§ **Instructions for the task**
Below are some records; copy them word for word and drop the pictures.

Collected data entries:

....................

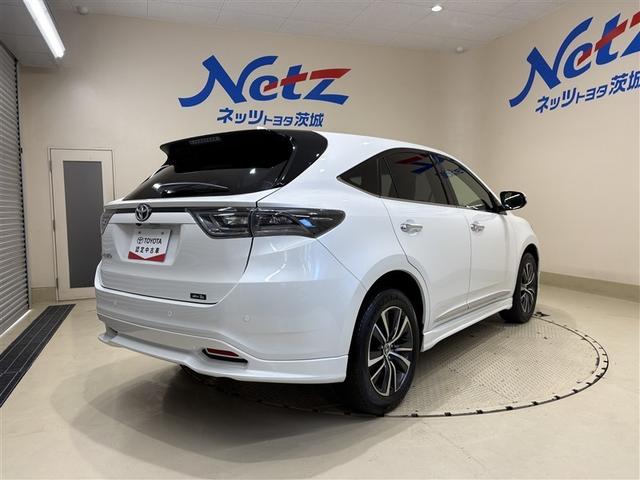 ハリアー エレガンス　フルエアロ　純正ナビ　フルセグＴＶ　ブルートゥース　ＤＶＤ再生　リヤカメラ　ＥＴＣ　ドライブレコーダ　スマ－トキ－　オートエアコン　クルーズコントロール　ＬＥＤライト　プリクラッシュセーフティ　アルミ（7枚目）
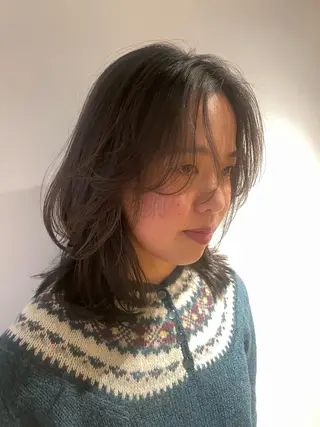 セミロング 柔らかレイヤー× 透け感カラー/SUのヘアスタイル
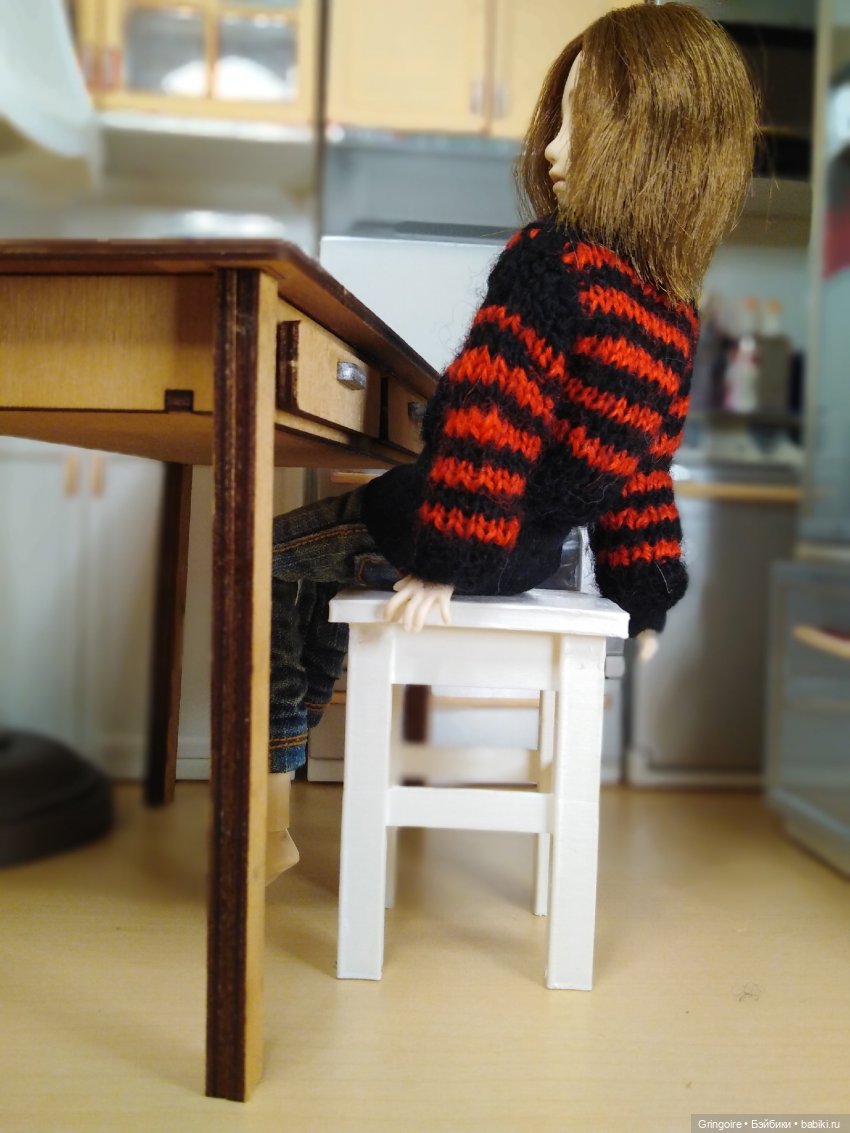 Табуретка 1/6 и школьная дружба. Часть 1 (фото 2)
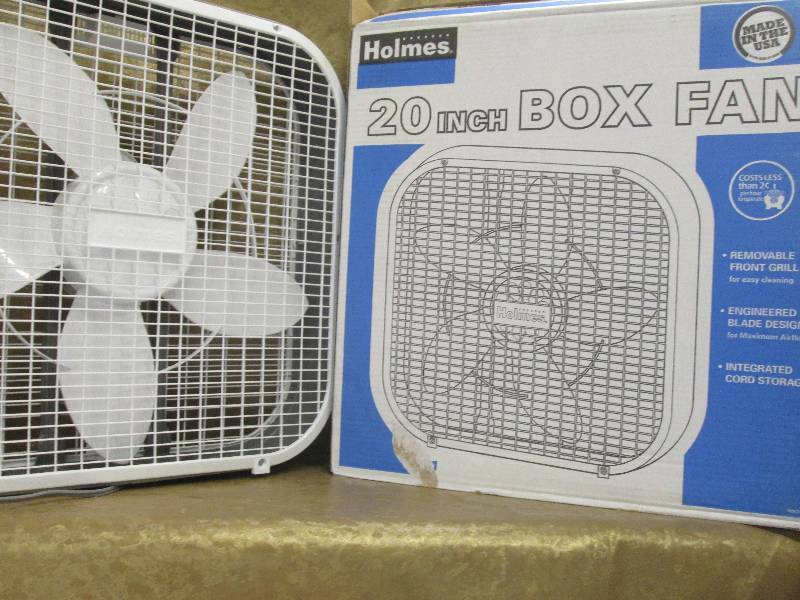 lot 111 image: Holmes 20 Box Fan...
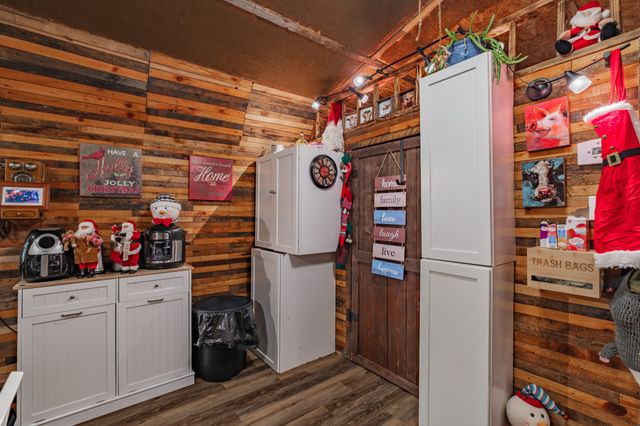 73 Spring Lake Cir, Beechgrove, TN 37018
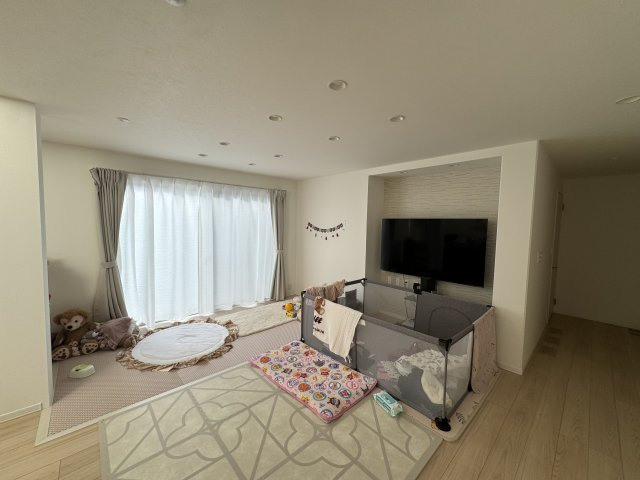 ‐三丁目不動産-　本庄市栄二丁目の居間・リビング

....................

§ **Worked solution**
 ハリアー エレガンス　フルエアロ　純正ナビ　フルセグＴＶ　ブルートゥース　ＤＶＤ再生　リヤカメラ　ＥＴＣ　ドライブレコーダ　スマ－トキ－　オートエアコン　クルーズコントロール　ＬＥＤライト　プリクラッシュセーフティ　アルミ（7枚目）
 セミロング 柔らかレイヤー× 透け感カラー/SUのヘアスタイル
 Табуретка 1/6 и школьная дружба. Часть 1 (фото 2)
 lot 111 image: Holmes 20 Box Fan...
 73 Spring Lake Cir, Beechgrove, TN 37018
 ‐三丁目不動産-　本庄市栄二丁目の居間・リビング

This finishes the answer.